** Opening Supplied material block **

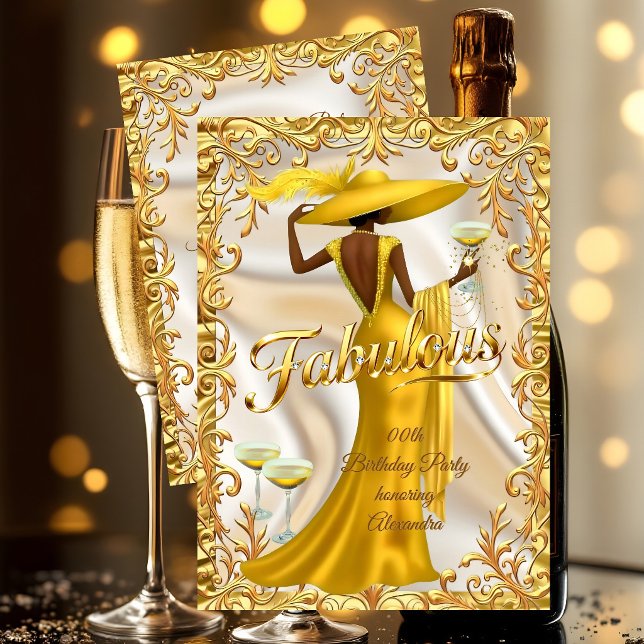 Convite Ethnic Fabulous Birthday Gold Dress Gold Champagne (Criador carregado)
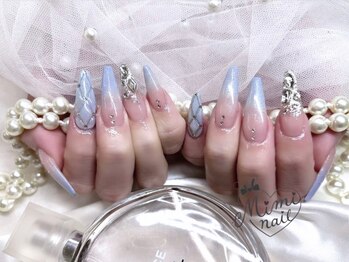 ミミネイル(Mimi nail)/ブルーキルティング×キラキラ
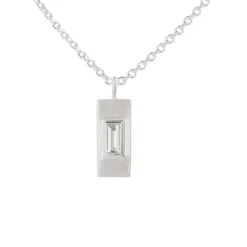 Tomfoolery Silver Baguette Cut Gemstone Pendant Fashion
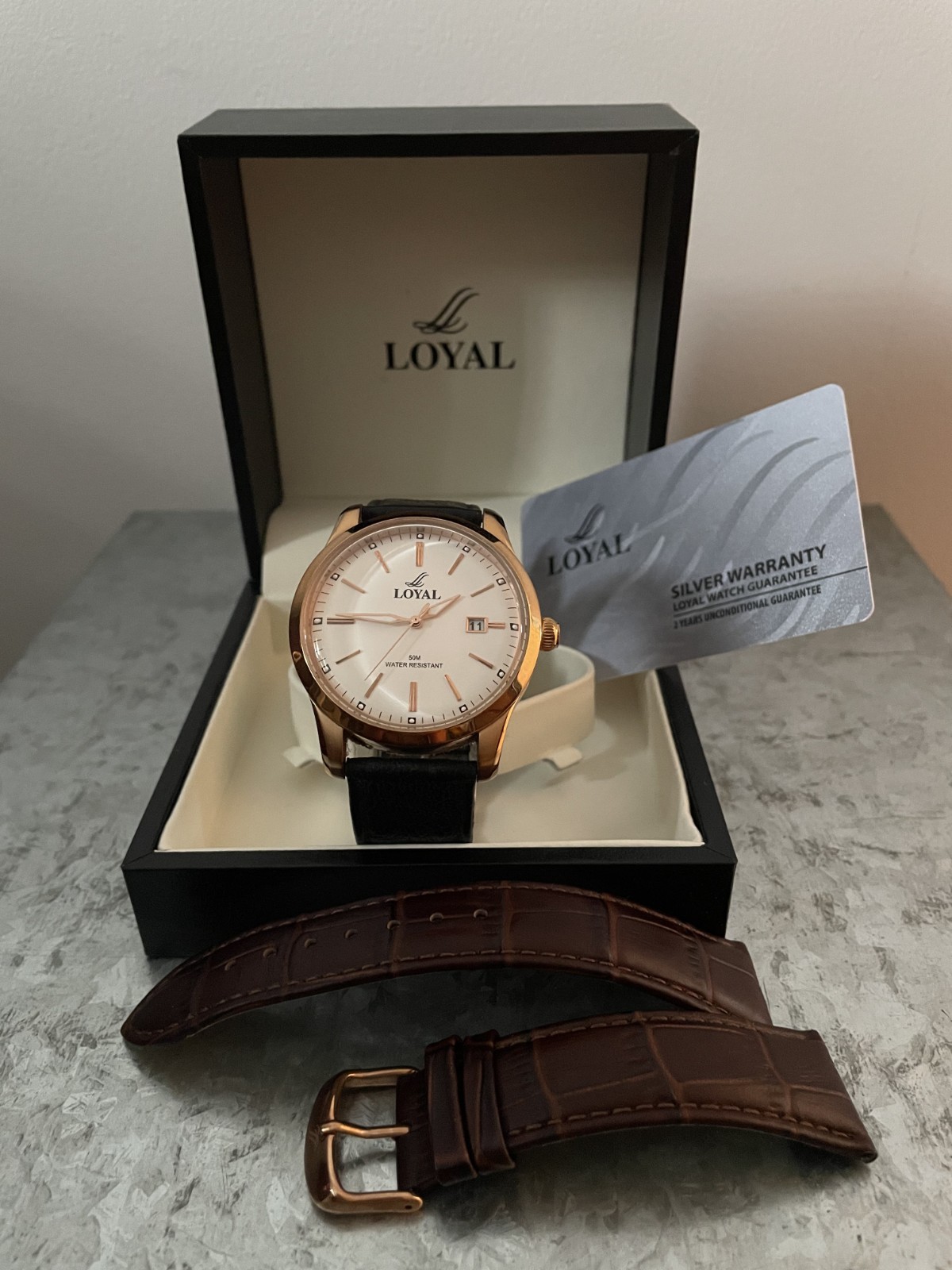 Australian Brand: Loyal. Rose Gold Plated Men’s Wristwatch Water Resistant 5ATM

** Closing Supplied material block **

▸ **Required action**
Output the listing exactly, pictures excluded.

▸ **Exercise result**
 Convite Ethnic Fabulous Birthday Gold Dress Gold Champagne (Criador carregado)
 ミミネイル(Mimi nail)/ブルーキルティング×キラキラ
 Tomfoolery Silver Baguette Cut Gemstone Pendant Fashion
 Australian Brand: Loyal. Rose Gold Plated Men’s Wristwatch Water Resistant 5ATM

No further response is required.